自分がいつの間にか変わってしまっていることを実感する。
- 子供の頃はテレビをたくさん見て(1日5時間以上は見ていた気がする)、漫画ばかり読んでいたのに、自分の息子がテレビばかり見ていると、もっと他のことをさせなければと感じる。
- 高校生の頃、進学校へ通っていたことが自信になっていたくせに、学歴社会を批判したり、学校で勉強する意味なんかないと授業をさぼってゲームセンターに行ったりした。自分の息子が授業をさぼってゲームセンターに入り浸ったりしたら、自分はそれを認めてやれるだろうか。
- 大学は2年生の途中から行かなくなり、結局中退してしまった。本当は、自分の能力が足りず、勉強に付いていくのが億劫になっただけなのに、中退を正当化する理由を探し回った。

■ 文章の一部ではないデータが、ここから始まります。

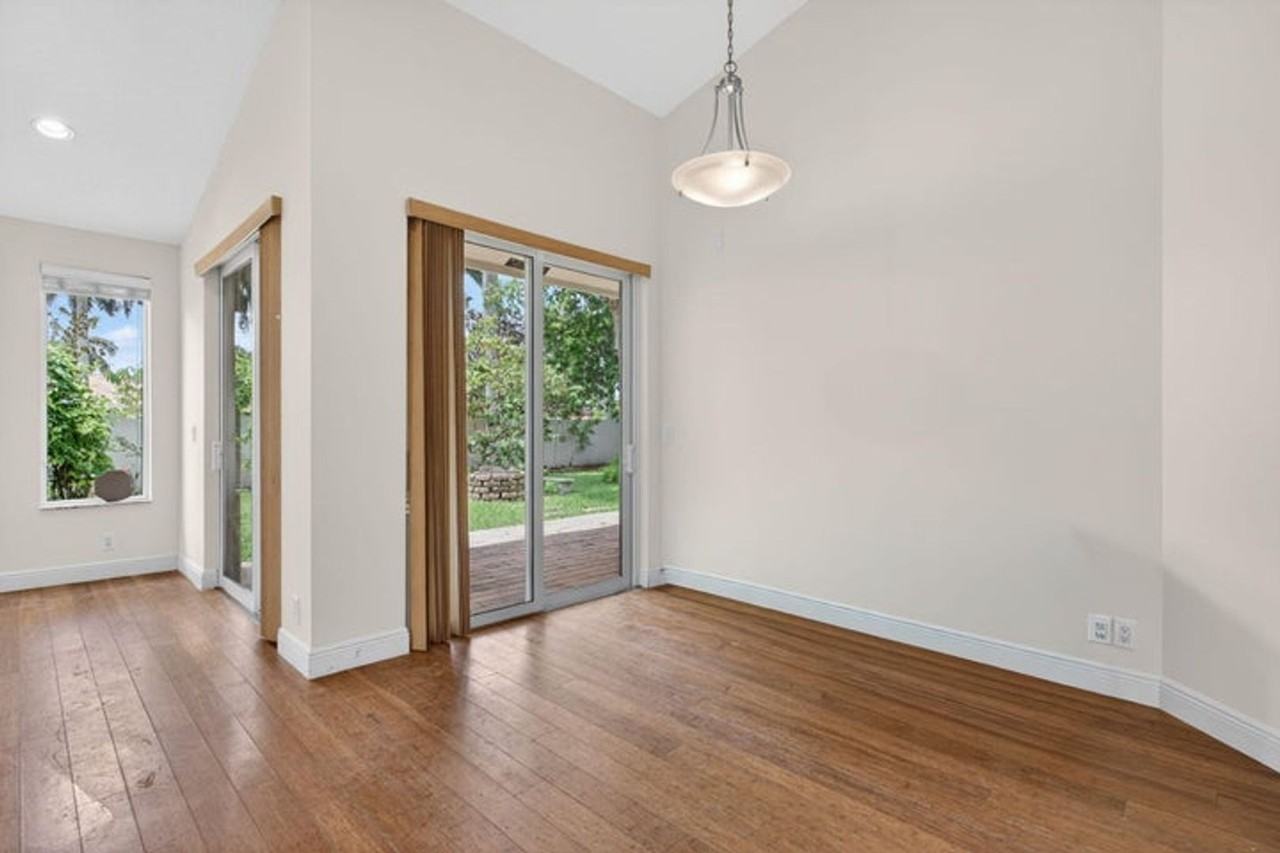 10027 Umberland Pl - Photo 4 of 22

自分の息子が学校へ行くのは嫌だと本気で言ったら、自分はどうする?
五味太郎さんの「大人問題
」という本を読んで、自分は昔と変わってしまったこと、作者はきちんと初源の自己を保存していると感じた。
そして、少し思い出したことがある。
- 個人は本質的に自由であること。
- 社会や共同性に先立って個人があり、その逆ではないこと。
- 制度や規範は「とりあえず」のものであって、唯一絶対ではないこと。
もう少し。
- 自分は、人に優しくする方法をまったく知らなかった。人からは優しくしてほしかったくせにだ。異性に好かれたいと切望していたが、こんな私に好意を寄せる人など全くいなかったのは、もっともだ。

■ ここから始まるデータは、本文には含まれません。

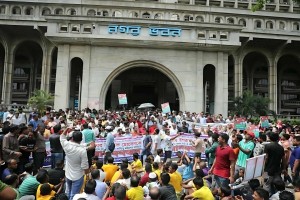 ফের নগরভবনের সামনে ইশরাক সমর্থকদের বিক্ষোভ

- アマチュア無線の無線機を買ってもらえなかったこと。
- 好き嫌いが多く、母親の料理が口に合わなかったこと。
- 些細な言い間違いや親の知識不足。
- 他の家庭に比べて、家が貧しいと思えたこと。でも、今思い起こすと、毎週の少年マガジンも、毎月の科学と学習も、プラモデルも、電子工作用の部品も、百科事典も、学習書も、不自由はなかった気がする。家が古い木造だったから?
今、息子を見て思うこと、息子と私との間にある葛藤と本質的に何も変わりはないことがわかる。
「すべてにおいて精神が疲労しきって」いる自分には、五味太郎さんの言葉は少し痛いが、こういう刺激は定期的に必要だと思えた。